Would you mind restating all of the records word for word, skipping the pictures?

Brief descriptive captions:
───
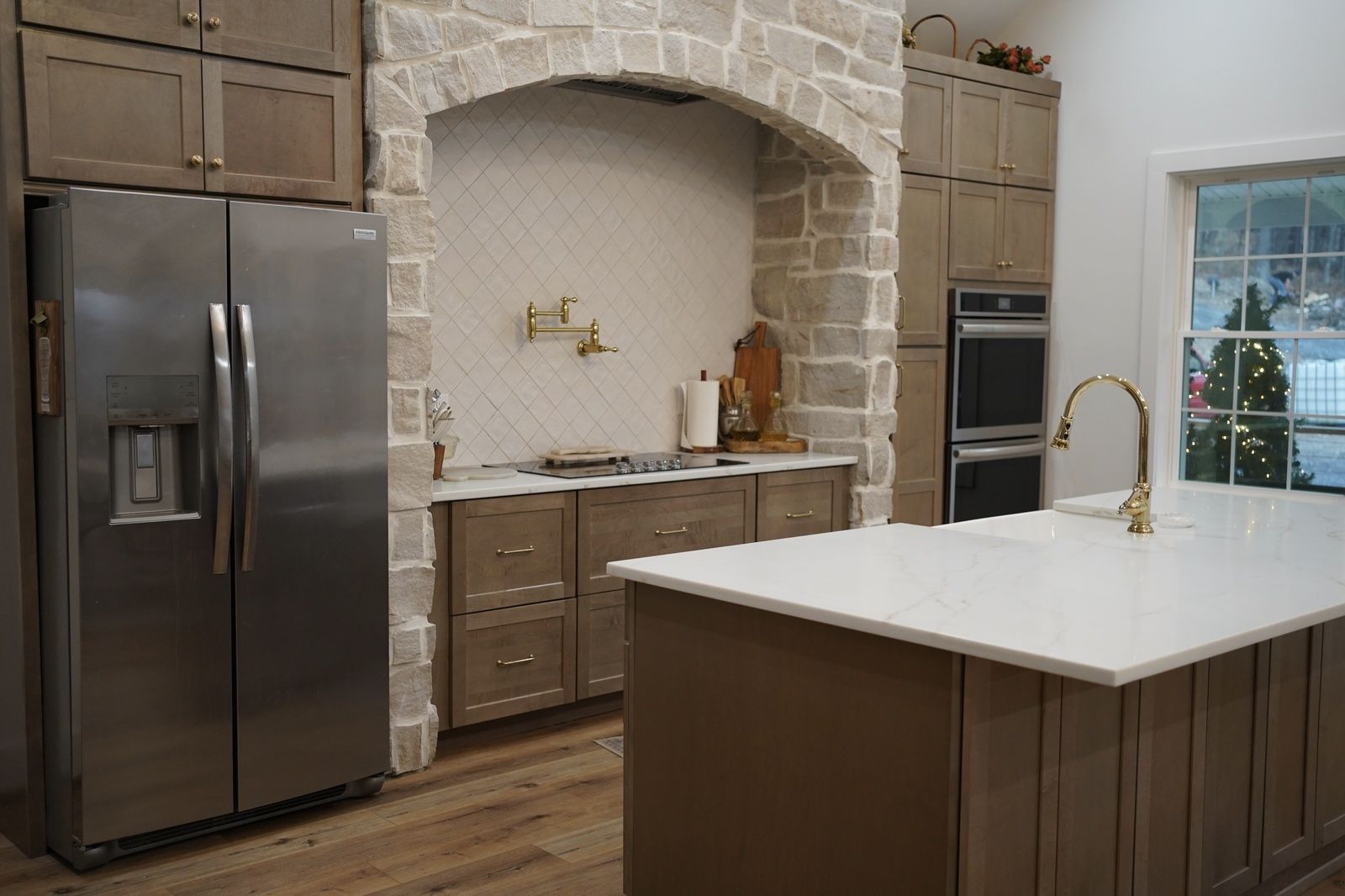 modern kitchen design with stone accents and appliances va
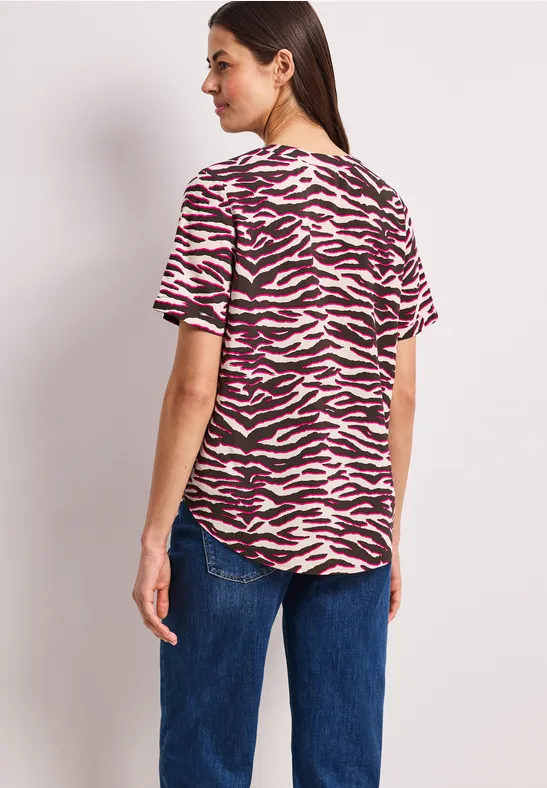 Blouse à manches courtes avec split neck et imprimé minimal rose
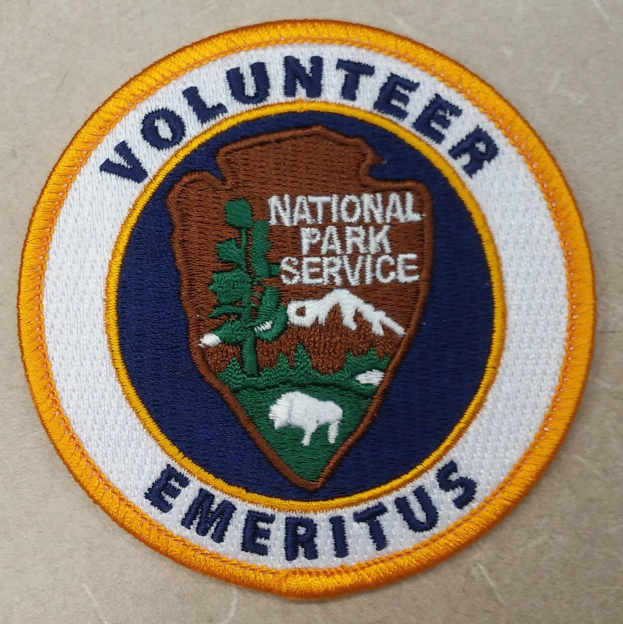 Ehrenamtlicher Nationalparkdienst-Abzeichen mit blauer Umrandung, weißem Hintergrund und gelbem Kreis um die zentrierte schwarze Schrift.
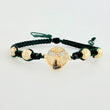Pulsera Tejida Verde y Negra Herraje de San Miguel Arcángel Bolas Diamantadas Dos Oros Amarillo Blanco 18K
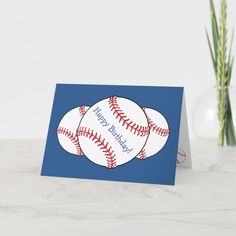 a card with a baseball on it next to a vase filled with yellow flowers and daisies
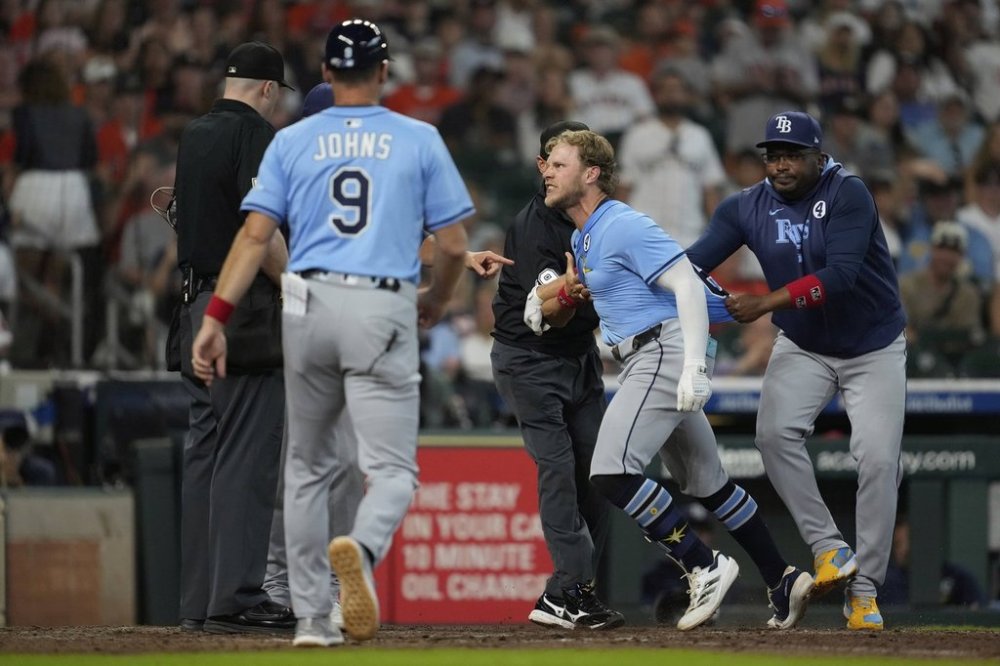 Tampa Bay Rays' Taylor Walls, center, is held back after he's ejected by Umpire Nic Lentz, left, for tapping his helmet after a strike call during the ninth inning of a baseball game against the Houston Astros in Houston, Sunday, June 1, 2025. (AP Photo/Ashley Landis)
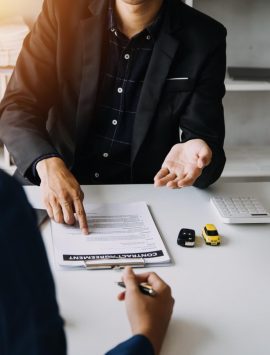 car-rental-company-employee-is-handing-out-car-keys-renter-after-discussing-rental-details-conditions-together-with-renter-signing-car-rental-agreement-concept-car-rental_265022-32374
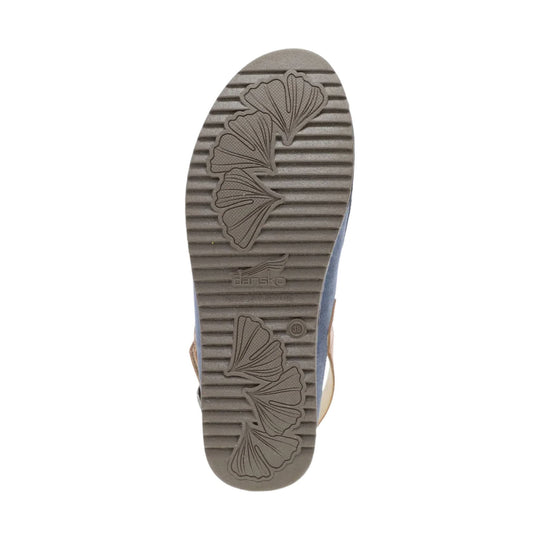 Outsole of a gray mule shoe with leaf-shaped tread patterns and Dansko branding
───
Your solution:
 modern kitchen design with stone accents and appliances va
 Blouse à manches courtes avec split neck et imprimé minimal rose
 Ehrenamtlicher Nationalparkdienst-Abzeichen mit blauer Umrandung, weißem Hintergrund und gelbem Kreis um die zentrierte schwarze Schrift.
Pulsera Tejida Verde y Negra Herraje de San Miguel Arcángel Bolas Diamantadas Dos Oros Amarillo Blanco 18K
 a card with a baseball on it next to a vase filled with yellow flowers and daisies
 Tampa Bay Rays' Taylor Walls, center, is held back after he's ejected by Umpire Nic Lentz, left, for tapping his helmet after a strike call during the ninth inning of a baseball game against the Houston Astros in Houston, Sunday, June 1, 2025. (AP Photo/Ashley Landis)
 car-rental-company-employee-is-handing-out-car-keys-renter-after-discussing-rental-details-conditions-together-with-renter-signing-car-rental-agreement-concept-car-rental_265022-32374
 Outsole of a gray mule shoe with leaf-shaped tread patterns and Dansko branding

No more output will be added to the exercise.